Since I am testing on the same hardware as previously, I expected little to no difference in performance but I was pleasantly surprised as performance did significantly increase across the board by about 20%. Considering 23.10 decreased performance by 10%, it’s nice to see we have that performance recovered with a bit of improvement on top. If you need more disk performance out of your existing hardware, you should really consider upgrading to Ubuntu 24.04.
When it comes to the relative performance, nothing really changed. ZFS encryption is still more performant than LUKS on writes and LUKS exhibits slightly higher performance when it comes to reads. CCM modes are still atrocious but, if your processor doesn’t have AES support, might be useful.

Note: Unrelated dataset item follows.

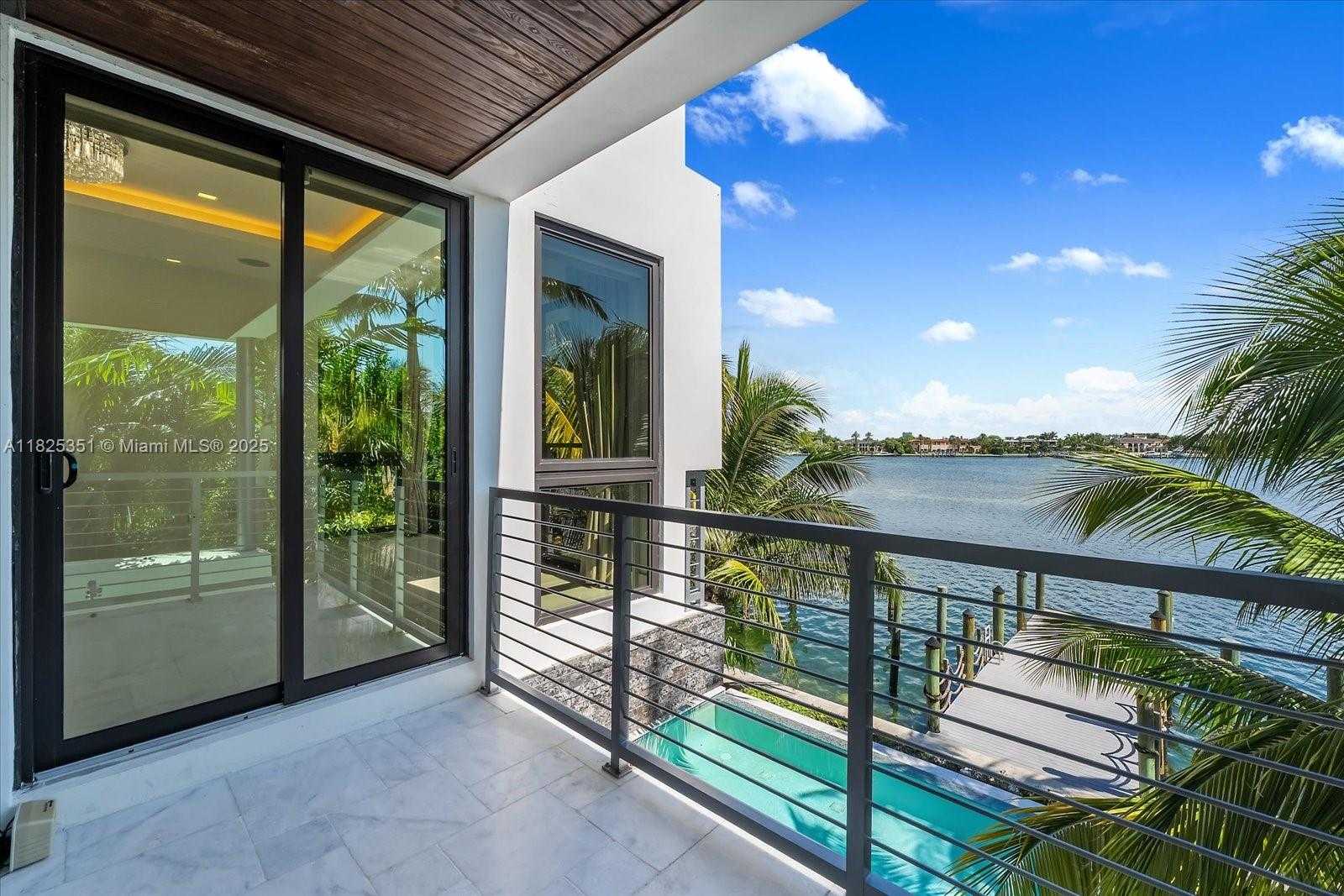 Small Image of 1311 STILLWATER DR, Miami Beach Number 28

As, going forward, I plan to use FIO instead of a simple dd copy, it’s as good time to analyze those numbers too. Unsurprisingly, the sequential performance numbers as compared to the simple DD copy are about the same. The only outlier seems to be read performance that drops a bit more than other readings. My best guess is that this is due to higher parallel IO demands FIO makes.
Since I am using FIO, I decided to add random I/O too. I expected results to be lower but numbers surprised me still. Write performance dropped to 50 MB/s without encryption. With encryption performance drops even further to 30 MB/s. Fortunately, real loads are not as unforgiving as FIO so you can expect much better performance in real-life.
In future, there are a few things I plan to change. First of all, I plan to switch onto using FIO instead of DD. While I will probably still collect DD data, it will just be there so one can compare it more easily to older tests and not as a main tool. Secondly, I plan to switch LUKS to 4K blocks and not bother measuring 512-byte sector size at all. Most of drives these days have 4K sectors and thus it makes sense that any proper LUKS installation would match that sector size. Making it default just makes sense. Performance-wise, they’re not a huge improvement but the do bring LUKS numbers closer to the native encryption.
PS: Raw data is available in Google Sheets.